■ EXERCISE GOAL
Lines in the data below that contain the word "Denim" are to be copied.

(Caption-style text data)
☆ ☆ ☆

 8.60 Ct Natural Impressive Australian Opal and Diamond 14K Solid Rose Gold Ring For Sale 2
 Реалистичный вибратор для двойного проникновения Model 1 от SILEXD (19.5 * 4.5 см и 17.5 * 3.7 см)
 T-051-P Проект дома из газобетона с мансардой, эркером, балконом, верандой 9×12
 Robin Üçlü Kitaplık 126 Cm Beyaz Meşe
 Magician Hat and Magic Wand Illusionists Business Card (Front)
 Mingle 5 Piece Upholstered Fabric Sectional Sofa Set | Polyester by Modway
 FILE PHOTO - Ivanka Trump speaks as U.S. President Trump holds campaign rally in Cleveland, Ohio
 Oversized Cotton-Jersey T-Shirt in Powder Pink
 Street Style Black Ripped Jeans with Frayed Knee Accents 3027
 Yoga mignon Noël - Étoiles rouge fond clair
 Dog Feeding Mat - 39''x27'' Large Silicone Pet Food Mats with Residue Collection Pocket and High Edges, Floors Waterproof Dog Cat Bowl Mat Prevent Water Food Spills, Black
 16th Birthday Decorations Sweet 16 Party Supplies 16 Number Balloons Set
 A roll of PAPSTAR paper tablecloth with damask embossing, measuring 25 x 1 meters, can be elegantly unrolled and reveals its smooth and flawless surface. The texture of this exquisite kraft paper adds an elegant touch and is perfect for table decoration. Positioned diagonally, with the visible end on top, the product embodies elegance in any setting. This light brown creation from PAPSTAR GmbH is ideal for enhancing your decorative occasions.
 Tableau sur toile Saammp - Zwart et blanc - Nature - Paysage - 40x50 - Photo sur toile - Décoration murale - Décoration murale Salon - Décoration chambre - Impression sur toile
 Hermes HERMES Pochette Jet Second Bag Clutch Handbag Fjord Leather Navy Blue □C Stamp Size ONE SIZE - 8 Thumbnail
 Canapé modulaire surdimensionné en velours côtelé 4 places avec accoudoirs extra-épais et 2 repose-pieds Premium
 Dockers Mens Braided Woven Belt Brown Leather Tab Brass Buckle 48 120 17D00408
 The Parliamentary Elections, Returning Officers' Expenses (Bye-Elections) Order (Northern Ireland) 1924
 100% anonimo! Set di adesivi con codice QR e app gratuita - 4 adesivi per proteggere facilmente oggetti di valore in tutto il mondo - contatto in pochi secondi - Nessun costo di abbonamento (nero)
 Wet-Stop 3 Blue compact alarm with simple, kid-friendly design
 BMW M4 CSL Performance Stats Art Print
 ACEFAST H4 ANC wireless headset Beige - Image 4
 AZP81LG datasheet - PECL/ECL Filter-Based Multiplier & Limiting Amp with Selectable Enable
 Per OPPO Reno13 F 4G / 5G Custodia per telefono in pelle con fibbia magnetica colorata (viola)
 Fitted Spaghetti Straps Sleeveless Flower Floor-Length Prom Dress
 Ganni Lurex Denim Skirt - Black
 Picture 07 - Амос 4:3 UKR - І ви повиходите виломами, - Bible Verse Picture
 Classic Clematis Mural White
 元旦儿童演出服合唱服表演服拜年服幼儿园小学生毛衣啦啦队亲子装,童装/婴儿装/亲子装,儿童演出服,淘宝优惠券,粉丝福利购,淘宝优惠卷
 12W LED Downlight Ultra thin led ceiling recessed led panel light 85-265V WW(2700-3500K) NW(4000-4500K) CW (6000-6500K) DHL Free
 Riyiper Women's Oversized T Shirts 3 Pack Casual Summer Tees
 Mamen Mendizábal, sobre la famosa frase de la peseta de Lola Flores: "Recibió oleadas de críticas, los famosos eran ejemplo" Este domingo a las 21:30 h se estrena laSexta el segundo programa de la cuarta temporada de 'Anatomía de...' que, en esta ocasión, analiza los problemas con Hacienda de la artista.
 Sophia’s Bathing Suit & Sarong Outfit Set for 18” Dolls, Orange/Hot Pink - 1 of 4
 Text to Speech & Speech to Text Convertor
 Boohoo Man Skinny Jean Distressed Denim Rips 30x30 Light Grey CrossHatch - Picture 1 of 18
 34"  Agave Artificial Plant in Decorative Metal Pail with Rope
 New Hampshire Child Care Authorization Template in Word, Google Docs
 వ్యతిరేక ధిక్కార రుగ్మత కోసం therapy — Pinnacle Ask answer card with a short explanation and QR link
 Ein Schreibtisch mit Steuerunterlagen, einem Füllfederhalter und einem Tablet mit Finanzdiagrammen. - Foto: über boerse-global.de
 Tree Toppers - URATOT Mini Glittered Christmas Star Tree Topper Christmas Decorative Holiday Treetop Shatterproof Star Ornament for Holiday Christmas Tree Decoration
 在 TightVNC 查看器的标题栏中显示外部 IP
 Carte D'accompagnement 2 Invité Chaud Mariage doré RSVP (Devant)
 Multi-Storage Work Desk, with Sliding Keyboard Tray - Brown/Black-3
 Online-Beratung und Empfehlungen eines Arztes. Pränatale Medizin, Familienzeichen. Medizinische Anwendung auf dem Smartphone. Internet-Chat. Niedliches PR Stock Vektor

☆ ☆ ☆

■ YOUR SOLUTION
 Ganni Lurex Denim Skirt - Black
 Boohoo Man Skinny Jean Distressed Denim Rips 30x30 Light Grey CrossHatch - Picture 1 of 18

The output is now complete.